Quando nasci fui agraciada com o nome Francisca de Varez.

Francisca homenageava a minha ancestral, que lutou bravamente pela vida do filho. Reza a lenda que o seu menino mais velho, chamado Bomani de Varez, já nasceu com um espírito de guerreiro. Cresceu mais do que os demais e a sua força era notada pelos senhores feudais vizinhos à terra Ametista. Ele não se curvava perante as ordens desde a sua mocidade e foi lhe dito que não atingiria a fase adulta se assim continuasse.

Bomani passou a reunir irmãos que não se subordinavam mais à violência dos senhores.

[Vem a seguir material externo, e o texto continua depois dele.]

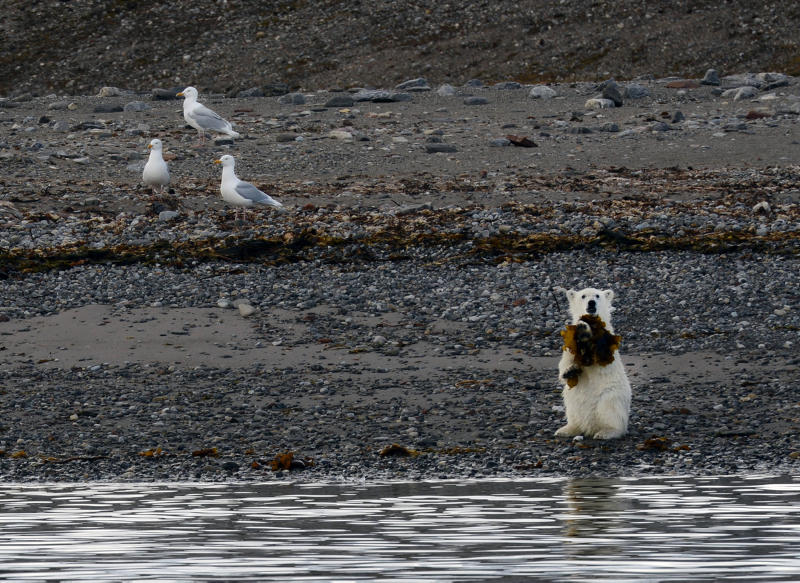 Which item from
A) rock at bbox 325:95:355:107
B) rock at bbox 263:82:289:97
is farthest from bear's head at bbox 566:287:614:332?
rock at bbox 263:82:289:97

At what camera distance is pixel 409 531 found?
7488 millimetres

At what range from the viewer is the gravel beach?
34.1 feet

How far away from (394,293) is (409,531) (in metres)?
7.18

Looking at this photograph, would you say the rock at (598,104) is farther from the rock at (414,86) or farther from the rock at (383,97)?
the rock at (414,86)

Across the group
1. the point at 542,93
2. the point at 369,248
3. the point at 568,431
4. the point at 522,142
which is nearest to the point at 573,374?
the point at 568,431

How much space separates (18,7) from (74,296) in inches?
1296

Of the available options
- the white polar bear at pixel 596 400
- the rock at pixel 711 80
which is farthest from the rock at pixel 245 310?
the rock at pixel 711 80

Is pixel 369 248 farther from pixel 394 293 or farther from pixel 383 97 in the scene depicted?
pixel 383 97

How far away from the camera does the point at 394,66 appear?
37.4 m

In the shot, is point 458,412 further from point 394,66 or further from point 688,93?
point 394,66

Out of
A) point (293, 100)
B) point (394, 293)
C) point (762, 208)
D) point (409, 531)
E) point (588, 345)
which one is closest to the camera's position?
point (409, 531)

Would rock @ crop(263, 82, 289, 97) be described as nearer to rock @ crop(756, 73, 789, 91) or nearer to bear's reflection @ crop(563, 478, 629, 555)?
rock @ crop(756, 73, 789, 91)

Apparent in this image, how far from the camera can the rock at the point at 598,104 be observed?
82.8 ft

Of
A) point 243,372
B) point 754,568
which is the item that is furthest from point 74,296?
point 754,568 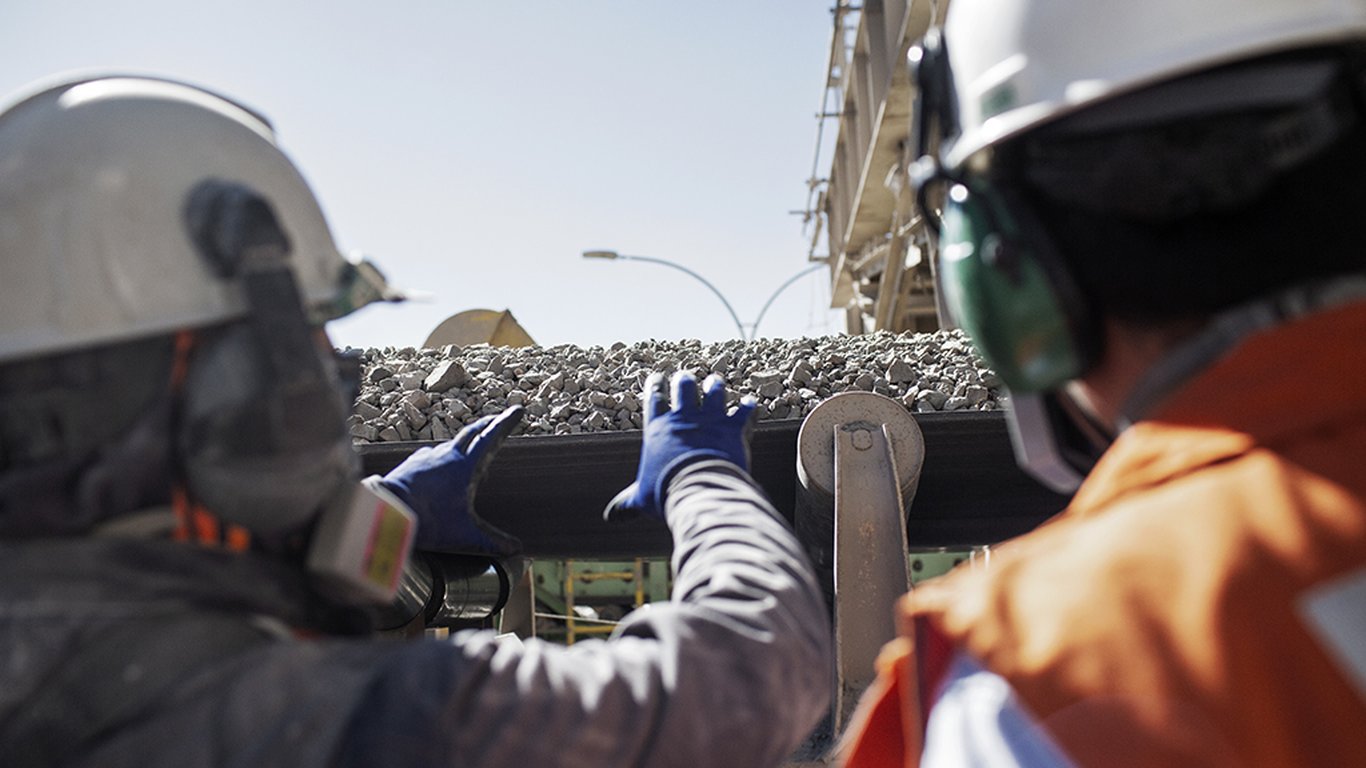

Em dado momento, arrancou o chicote da mão de um branco, onde a sua morte foi marcada a partir daquele dia. Antes que ele pudesse fugir, tentando levar consigo a mãe e as irmãs, o branco o encurralou e o levou para a frente da casa grande.

Nascemos e morremos ouvindo essa história, pois era a nossa força e motivação. Quando Bomani foi amarrado como um animal selvagem, reuniu-se senhores ao redor, achando prudente uma recreação com o ocorrido. O senhor Varez da época, brandou aos seus o chamamento: aquele que capturar o escravo, será de sua mais legítima posse. Os negros que tentaram salvá-lo, foram amarrados uns aos outros e enjaulados. A recreação iniciou com o nascer do sol e só finalizou com a escuridão, ninguém imaginava que fim aquela história traria.

Bomani foi ferido, para o seu corpo avantajado de força não ferir um branco. Suas pernas foram dilaceradas, para a fuga não sair da propriedade da fazenda Ametista. Após a tortura, assistida por todos os trinta senhores que participariam da caçada, o escravo foi solto e correu para a floresta.

Mãe Preta conta que as senhoras brancas fizeram apostas entre si, dizendo qual homem seria o capaz de acorrentar o negro mais forte. Mas ninguém podia imaginar que a força de uma mãe seria maior do que a de trinta homens juntos.

Sinalizando o início da caçada, os homens se perderam a vista atrás do escravo. Bomani deixava uma trilha de sangue por onde passava e sabendo que isso seria a sua morte, prendeu folhas de árvores no sangue e tentou a todo custo não deixá-lo mais pingar. Ele subiu na mais densa árvore e tentou se esconder até as suas forças serem recuperadas.